Zero-shot Voice Conversion with Diffusion Transformers
Songting Liu
TL;DR
Seed-VC tackles zero-shot voice conversion by addressing timbre leakage, timbre representation, and training–inference misalignment. It introduces an external timbre shifter during training and employs a diffusion transformer that uses the full reference context to capture fine-grained timbre features. The framework achieves state-of-the-art performance on zero-shot spoken VC against strong baselines and extends to zero-shot singing VC with F0 conditioning, maintaining high speaker similarity and intelligibility. Ablation and qualitative analyses highlight the benefits of timbre shifting, full-reference context, and robust timbre representation for generalization to unseen speakers and singing voices.
Abstract
Zero-shot voice conversion aims to transform a source speech utterance to match the timbre of a reference speech from an unseen speaker. Traditional approaches struggle with timbre leakage, insufficient timbre representation, and mismatches between training and inference tasks.

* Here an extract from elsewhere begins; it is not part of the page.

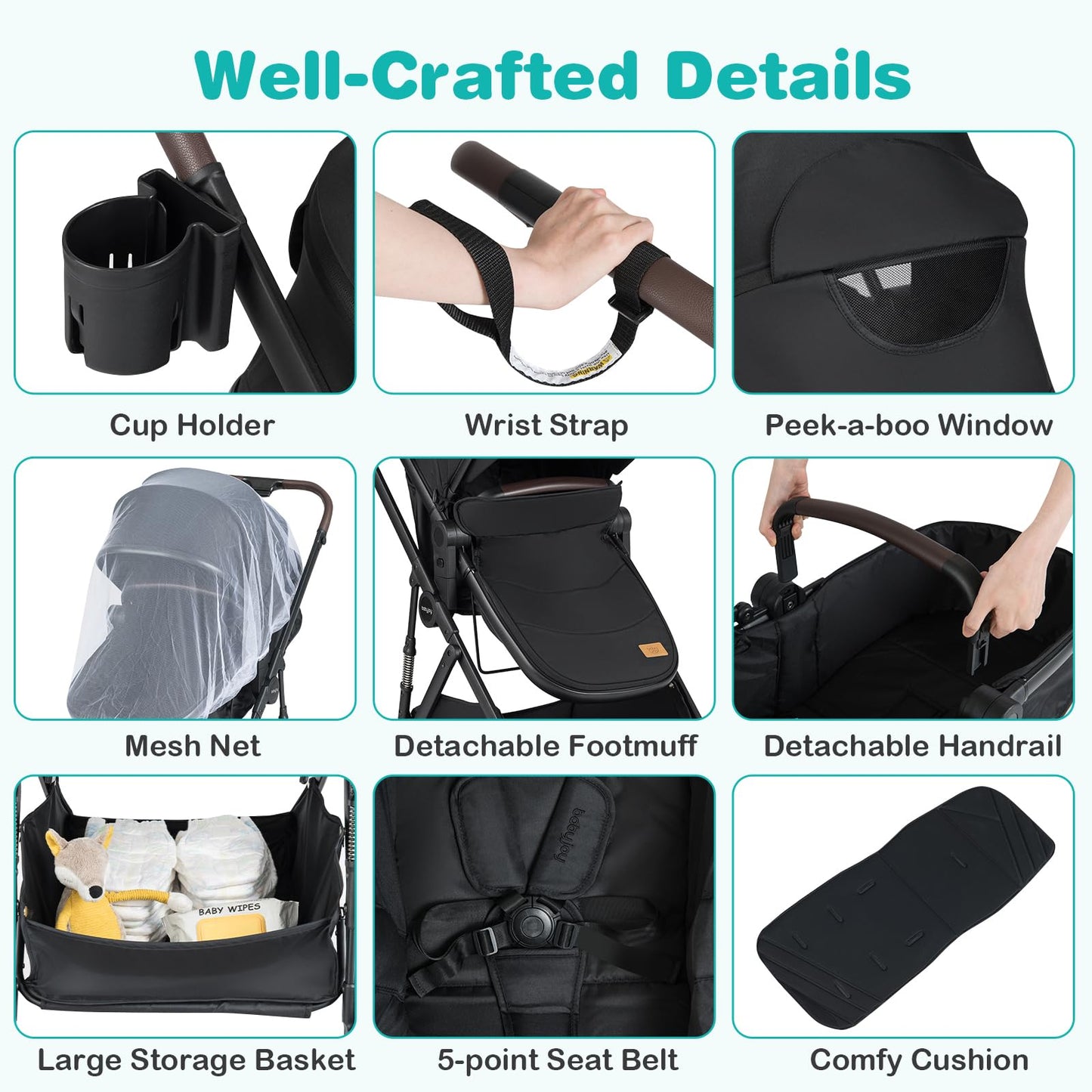 COSTWAY 3 in 1 Baby Stroller, Foldable Travel System Pram with Reversible Seat, Adjustable Canopy & Backrest, Mesh Net, Storage Basket, Lightweight Infant Newborn Pushchair for 0-36 Months (Grey)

We propose Seed-VC, a novel framework that addresses these issues by introducing an external timbre shifter during training to perturb the source speech timbre, mitigating leakage and aligning training with inference. Additionally, we employ a diffusion transformer that leverages the entire reference speech context, capturing fine-grained timbre features through in-context learning. Experiments demonstrate that Seed-VC outperforms strong baselines like OpenVoice and CosyVoice, achieving higher speaker similarity and lower word error rates in zero-shot voice conversion tasks. We further extend our approach to zero-shot singing voice conversion by incorporating fundamental frequency (F0) conditioning, resulting in comparative performance to current state-of-the-art methods. Our findings highlight the effectiveness of Seed-VC in overcoming core challenges, paving the way for more accurate and versatile voice conversion systems.